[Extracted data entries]
==================================================

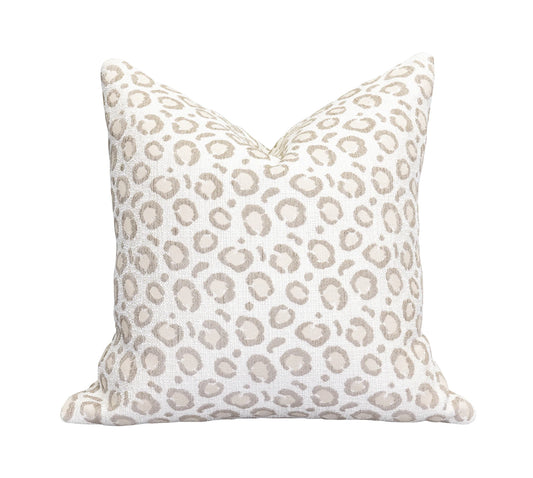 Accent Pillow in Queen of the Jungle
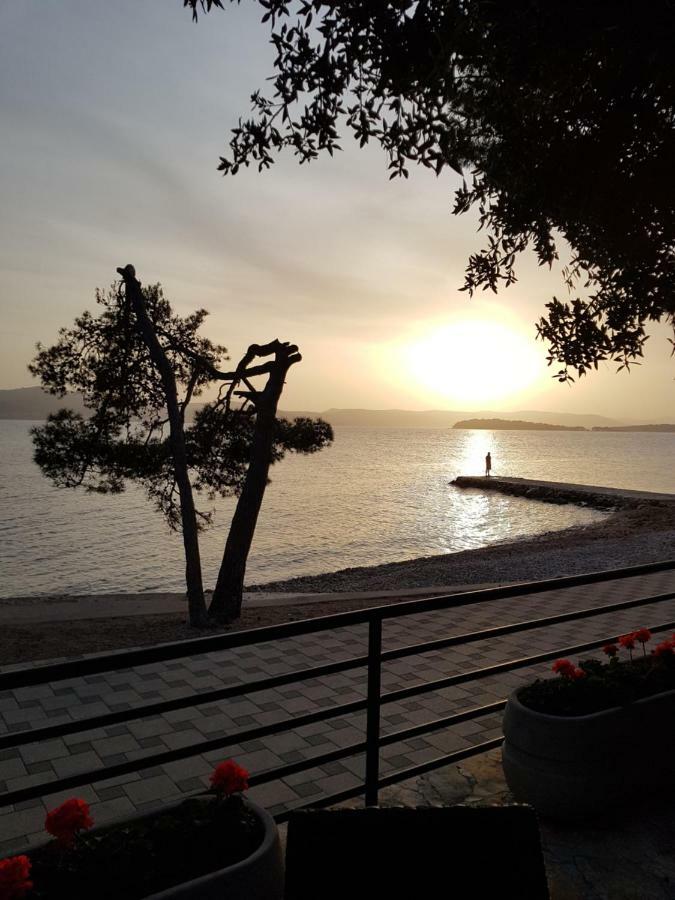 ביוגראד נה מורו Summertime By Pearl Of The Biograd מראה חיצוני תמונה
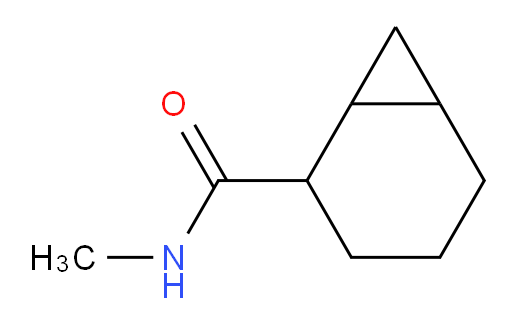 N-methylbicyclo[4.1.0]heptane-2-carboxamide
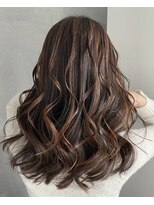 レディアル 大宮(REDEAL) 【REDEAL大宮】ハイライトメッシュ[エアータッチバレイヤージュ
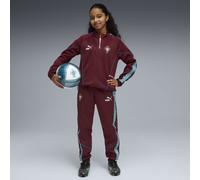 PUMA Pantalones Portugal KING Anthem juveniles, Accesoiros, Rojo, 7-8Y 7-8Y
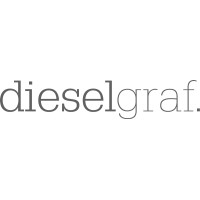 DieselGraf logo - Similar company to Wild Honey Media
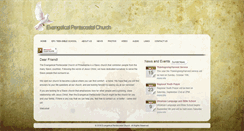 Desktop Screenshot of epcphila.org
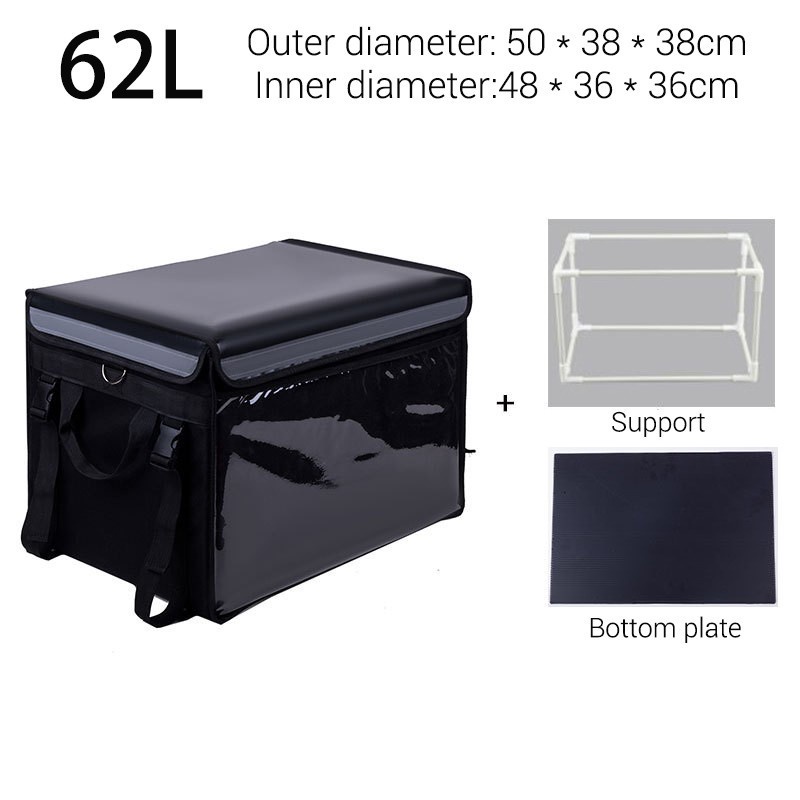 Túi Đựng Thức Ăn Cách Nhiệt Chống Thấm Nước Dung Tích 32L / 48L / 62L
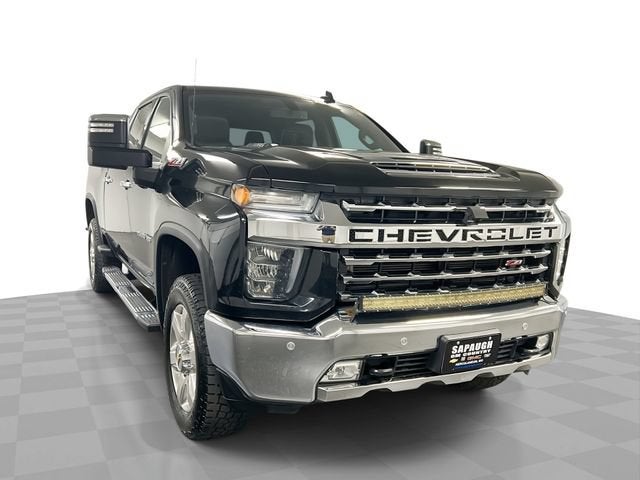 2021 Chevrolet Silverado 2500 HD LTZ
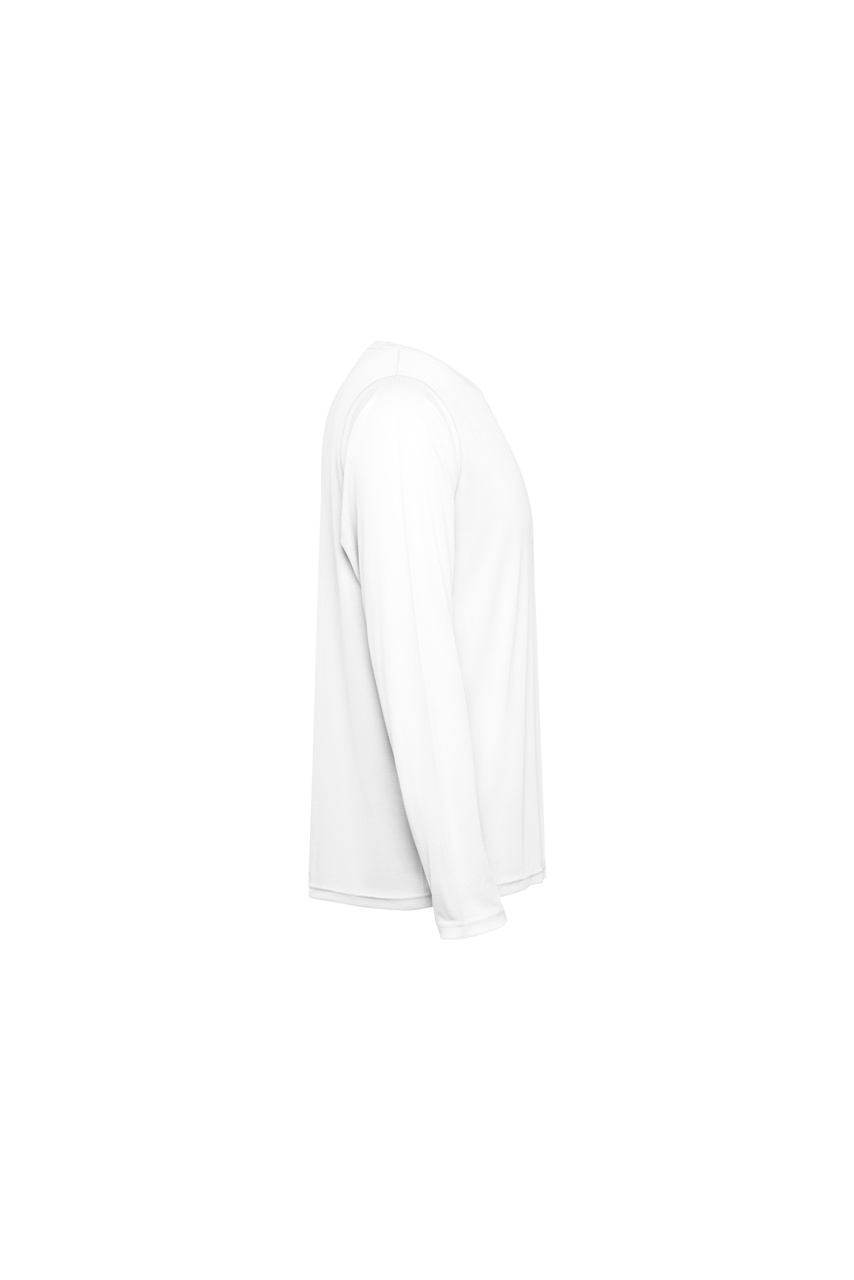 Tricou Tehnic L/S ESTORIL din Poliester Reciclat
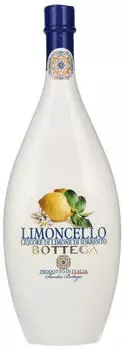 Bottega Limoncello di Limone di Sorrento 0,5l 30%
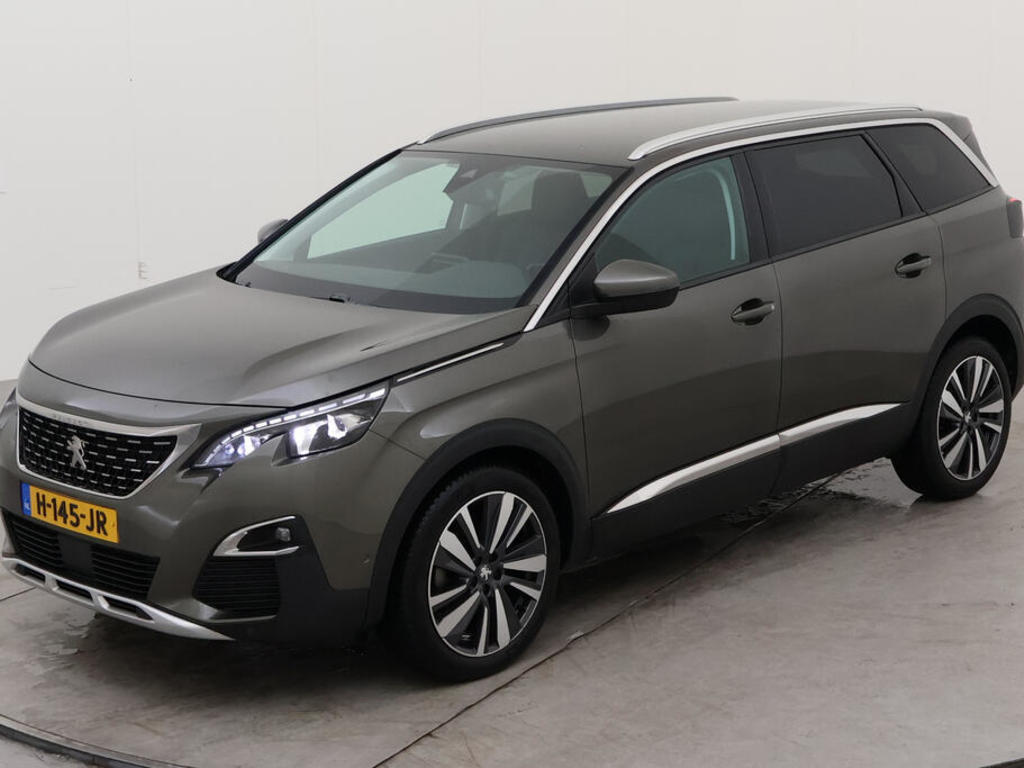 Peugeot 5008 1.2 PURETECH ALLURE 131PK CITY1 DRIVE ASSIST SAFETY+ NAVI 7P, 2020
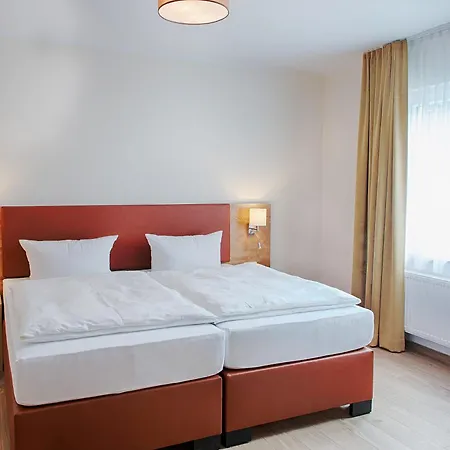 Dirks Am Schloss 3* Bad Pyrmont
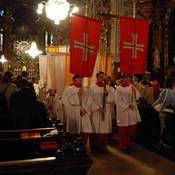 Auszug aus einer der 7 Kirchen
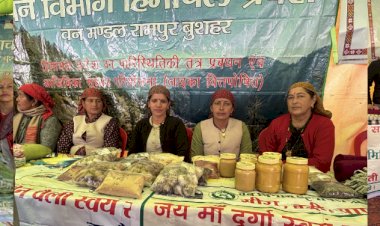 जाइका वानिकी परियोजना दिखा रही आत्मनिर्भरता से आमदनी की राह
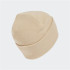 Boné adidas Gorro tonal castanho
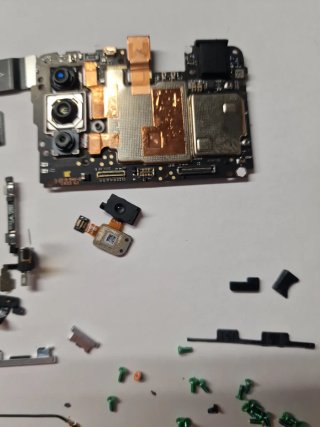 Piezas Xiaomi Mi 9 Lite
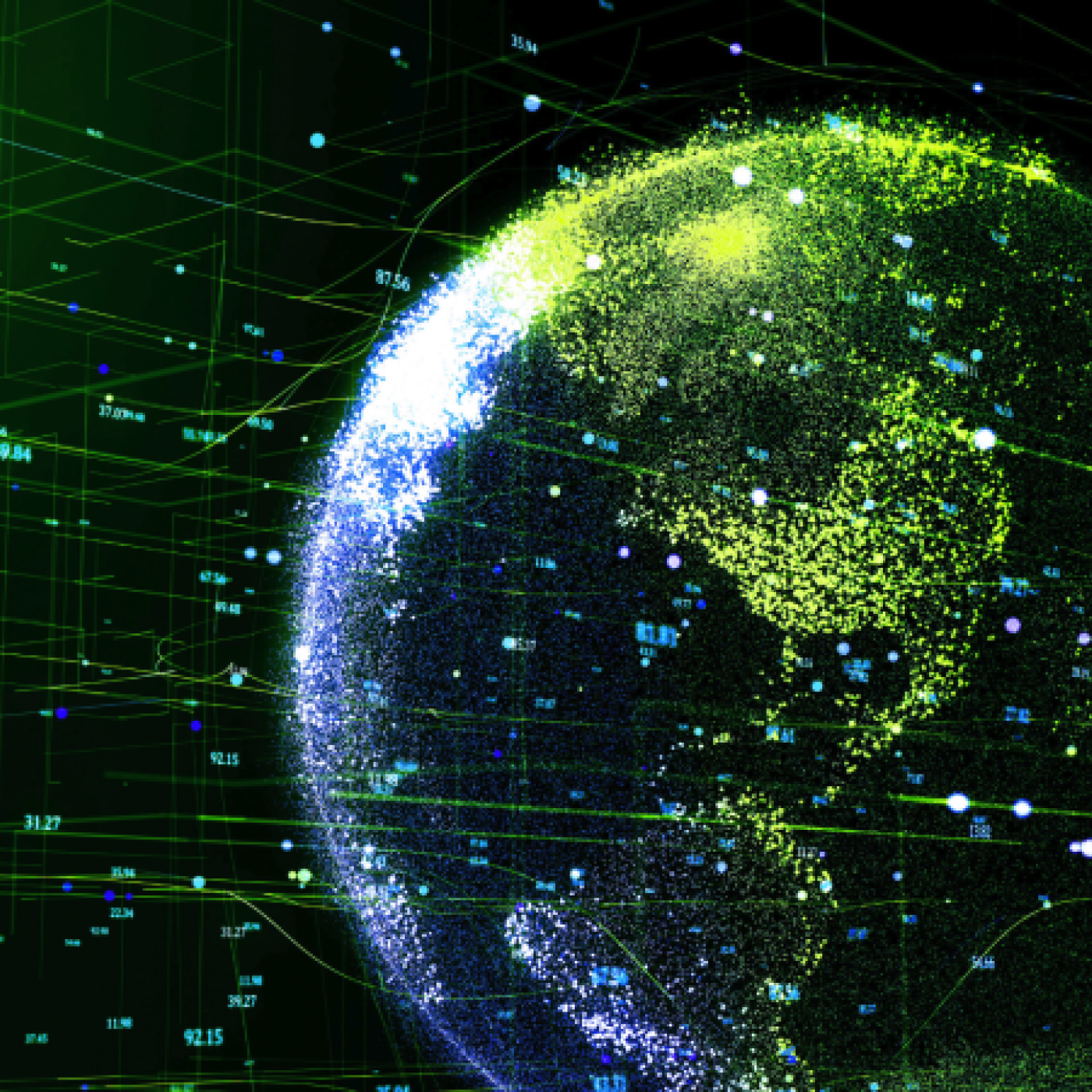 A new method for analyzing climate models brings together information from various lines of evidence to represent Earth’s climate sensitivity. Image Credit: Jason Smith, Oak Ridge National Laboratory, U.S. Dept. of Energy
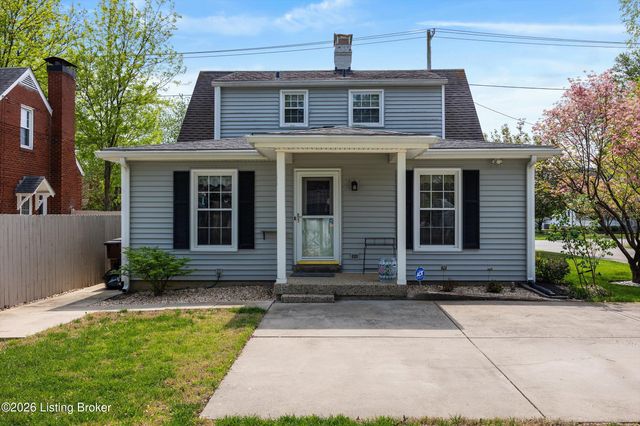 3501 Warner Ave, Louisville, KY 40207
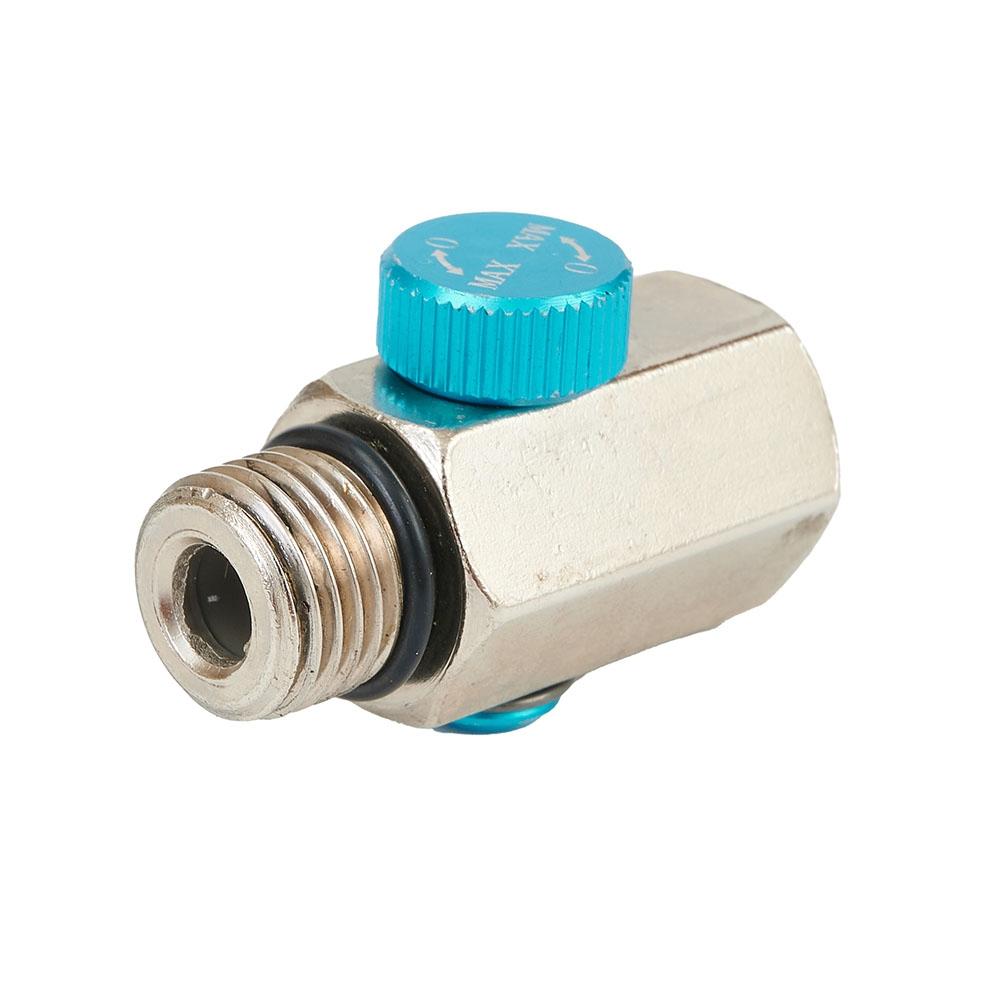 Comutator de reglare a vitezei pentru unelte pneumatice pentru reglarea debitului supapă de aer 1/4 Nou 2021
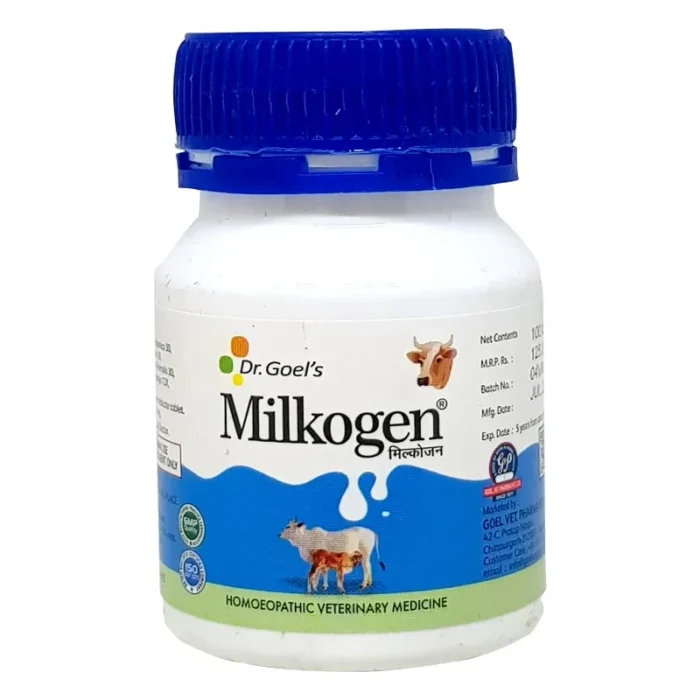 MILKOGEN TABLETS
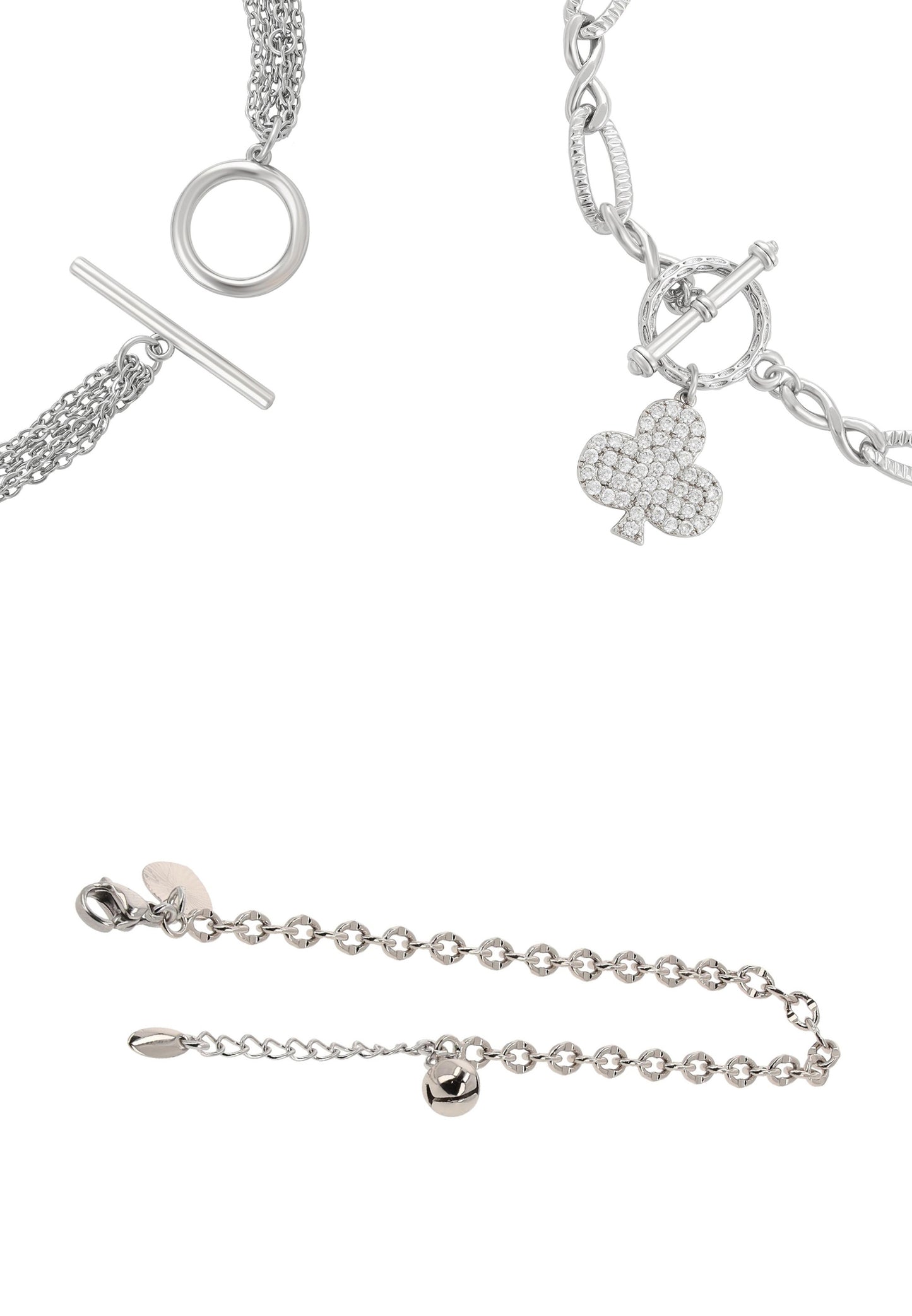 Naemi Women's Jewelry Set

==================================================

(Try it):
Set down exactly the lines of the entries above from the one holding "レディアル 大宮(REDEAL) 【REDEAL大宮】ハイライトメッシュ[エアータッチバレイヤージュ" through the last one, including both, with the pictures left out.

(Answer to this problem):
 レディアル 大宮(REDEAL) 【REDEAL大宮】ハイライトメッシュ[エアータッチバレイヤージュ
 PUMA Pantalones Portugal KING Anthem juveniles, Accesoiros, Rojo, 7-8Y 7-8Y
 DieselGraf logo - Similar company to Wild Honey Media
 Desktop Screenshot of epcphila.org
 Túi Đựng Thức Ăn Cách Nhiệt Chống Thấm Nước Dung Tích 32L / 48L / 62L
 2021 Chevrolet Silverado 2500 HD LTZ
 Tricou Tehnic L/S ESTORIL din Poliester Reciclat
 Bottega Limoncello di Limone di Sorrento 0,5l 30%
 Peugeot 5008 1.2 PURETECH ALLURE 131PK CITY1 DRIVE ASSIST SAFETY+ NAVI 7P, 2020
 Dirks Am Schloss 3* Bad Pyrmont
 Auszug aus einer der 7 Kirchen
 जाइका वानिकी परियोजना दिखा रही आत्मनिर्भरता से आमदनी की राह
 Boné adidas Gorro tonal castanho
 Piezas Xiaomi Mi 9 Lite
 A new method for analyzing climate models brings together information from various lines of evidence to represent Earth’s climate sensitivity. Image Credit: Jason Smith, Oak Ridge National Laboratory, U.S. Dept. of Energy
 3501 Warner Ave, Louisville, KY 40207
 Comutator de reglare a vitezei pentru unelte pneumatice pentru reglarea debitului supapă de aer 1/4 Nou 2021
 MILKOGEN TABLETS
 Naemi Women's Jewelry Set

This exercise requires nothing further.